The year, inevitably, brought much sadness too. Before we had grieved the horrific death of the young woman raped in Delhi, came the gang rape of a journalist in the Mahalaxmi Mills in Bombay. Appalling violence against women seemed to be everywhere. We were angry. Was India really this lawless? In some ways, however, it seemed we had too much law; December brought with it the decision to recriminalise homosexuality, to make good people into outlaws, a firm step backwards to greater intolerance.
People across India marvelled at Mr. Modi, the man, the orator, the 3D avatar hologram, and many were taken by Gujarat’s growth, but we found it hard not to be shaken by the past of a man who may yet become Prime Minister of Hindus, Muslims and Christians alike and equal. Certainly he seems more at ease than Mr. Gandhi who gets older but always seems too young.
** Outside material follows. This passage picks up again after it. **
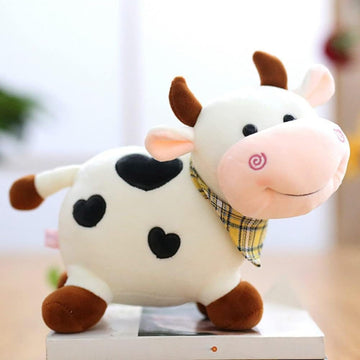 XZJMY Cow Plush Toy, 10.2" Little Cow Doll,Stuffed Animal Throw Plushie Pillow Doll, Present for Every Age & Occasion (White)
Elsewhere, the world suffered. Syria appalled us. The earth quaked in China, and a typhoon raged through the Philippines. A factory in Bangladesh collapsed and exposed rot in the West. Cyprus was (just about) bailed out while Mrs. Merkel sort of held it together. Nairobi’s Westgate Centre shocked while Cairo burned. Two bombs shook Boston.
Pop culture continued to fascinate us. The smiley virus twerked. Mr. Thicke thought he was ironic and blurring lines, but we knew he was just plain crass. (He does look like Simon Cowell, doesn’t he?) Harlem shook repeatedly. What was that about? Wholesome and lovely Ms. Lawson (or should we say Hi-gella?) fell from grace, while Mr. Saatchi was the worst he could be. We were secretly impressed that the Domestic Goddess was also a hardcore party girl. The deliciously bad Mr. Heisenberg finally broke. Two randomly daft Frenchmen in helmets got lucky, while the fashionable Mr. Bowie and the motherly Mrs. Carter came back unannounced. Kanye and Kim produced baby North, surname West. It was the year of the selfie (and the belfie and the helfie, apparently), which we took while wearing onesies which we paid for with bitcoins. We ate ever more burgers and chicken was just clucking everywhere. Cronuts came and went.